Another issue with the proposed loan structure is that the Owner would be repaying themself indirectly forty-five percent of the $5 million and the interest payments as the loan is being funded by Newco.  That is, instead of receiving interest at ten percent as the Owner expected, the Owner is really getting interest at five and a half percent.  After discounting the note and removing the part of the loan funded by the Owner, the loan would be a detriment to the Owner, that is, the Owner would receive less after seven years than getting $5 million at closing.  This was pointed out to the acquiror and the acquiror agreed the loan principal would only be repaid against acquiror’s interest in Newco, but insisted the funding of the interest payments not change.  Thus, the Owner would not receive the ten percent interest they believed they were receiving in agreeing to the loan in the letter of intent.  This is one reason it is good to have tax counsel involved at the start of an acquisition as this issue was completely missed by corporate counsel for the target. 
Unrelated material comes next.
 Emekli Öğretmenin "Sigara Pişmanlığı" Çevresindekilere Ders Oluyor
Another issue to review was whether the fee paid from Newco to Topco would be deductible to Newco.  Topco is the majority owner of Newco and does not really provide any services for the fee.  This is important as if the fee is not deductible, then the Owner will be paying tax on forty-five percent of the fee that goes to Topco to then pay itself interest, the interest of which is also taxable to Owner.  The Owner would be double taxed on forty-five percent of the interest payments received, which is not a good result.  Obviously if the fee is deductible to Newco, then it would be taxable to Topco, but this is an issue for the acquiror that does not implicate the Owner.

What would be a good loan analysis without original issue discount (“OID”) implications.  The transaction intends for the loan to be interest free, but for the Owner to receive ten percent interest from Topco while the loan is outstanding.  The so-called interest free loan starts as an obligation of Newco and the interest payment is an obligation of Topco. On the one hand, the interest is tied to the loan outstanding, on the other hand, the loan agreement states the loan is interest free. 
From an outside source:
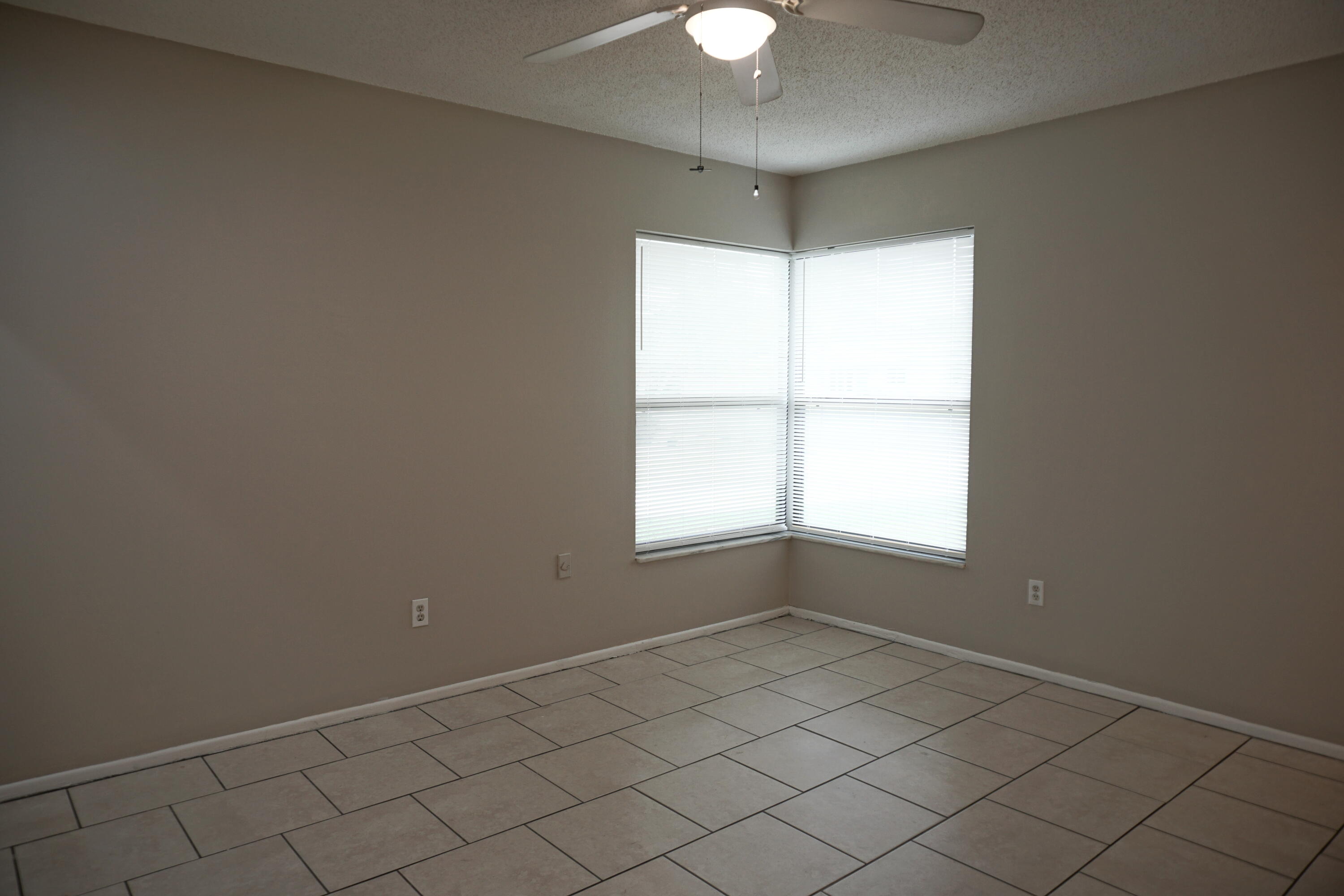 971 Fulton Lane Northeast Palm Bay, FL 32905 - Photo 18 of 42 DSC08293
When the interest on a loan is not adequately stated, the OID rules impute interest at the applicable federal rate reducing what is characterized as principal and recharacterizing that portion as interest income.  The issue is that the repayment of principal is tax free to the Owner, but interest is taxable income.  It would be a detriment to the Owner, for example, if the $5 million principal repayment in year seven were recharacterized as $4 million as repayment of principal and $1 million as interest that is taxable to the Owner. 

Under the OID rules, where separate entities hold separate instruments, in this situation, Newco holding the loan instrument and Topco holding the interest instrument, the instruments are not aggregated in determining whether OID is applicable even if the entities are related.  If the loan instrument and interest instrument were separated in different companies as recommended by the acquiror, then OID would be applicable to the $5 million principal repayment resulting in the OID being taxable to the Owner and the OID being tax deductible to Topco.  This was clearly a trap set by the acquiror which the Owner was able to avoid as with our advice the loan was changed to avoid this result. 

Was this $5 million loan at ten percent interest too good to be true? In this case it certainly was and could have turned significantly negative if there was not careful review of the cash flows and tax implications of the loan structure.  It cannot be said enough, it is important to have tax counsel present from the beginning of an acquisition to understand fully the benefits received to the Sellers.  Too often, transactions look good on paper and the Sellers want to trust the acquiror and their tax counsel, but once the totality of the transactions are fully reviewed, it is not a good deal for the Sellers.